WHAT YOU ARE ASKED TO DO: Nothing but the lines from the one holding "Histology Human Submaxillary" through the last line of the material below should be set down, exactly and without images.

====== SUPPLIED ENTRIES

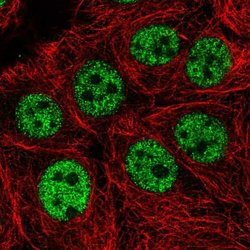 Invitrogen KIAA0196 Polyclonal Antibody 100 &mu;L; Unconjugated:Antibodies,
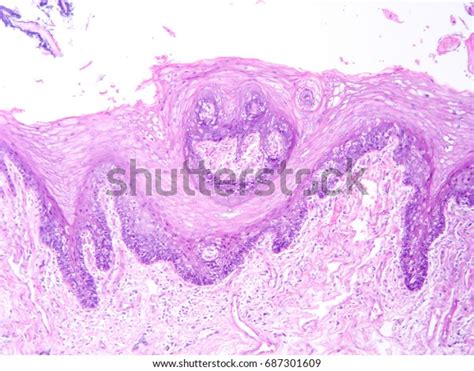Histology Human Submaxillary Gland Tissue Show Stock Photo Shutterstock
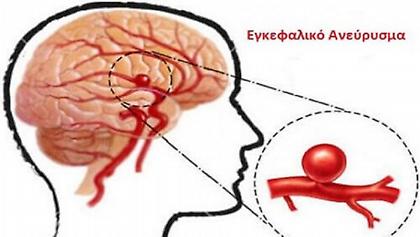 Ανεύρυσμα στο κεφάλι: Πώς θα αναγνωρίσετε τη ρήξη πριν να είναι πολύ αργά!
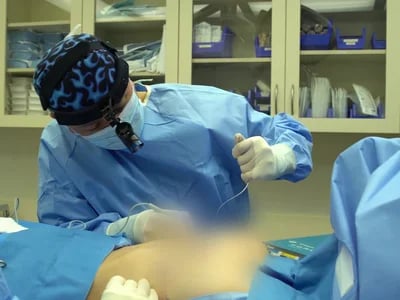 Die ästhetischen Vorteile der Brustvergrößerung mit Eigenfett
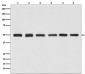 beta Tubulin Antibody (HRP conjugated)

============

THE COMPLETED TASK:
Histology Human Submaxillary Gland Tissue Show Stock Photo Shutterstock
 Ανεύρυσμα στο κεφάλι: Πώς θα αναγνωρίσετε τη ρήξη πριν να είναι πολύ αργά!
 Die ästhetischen Vorteile der Brustvergrößerung mit Eigenfett
 beta Tubulin Antibody (HRP conjugated)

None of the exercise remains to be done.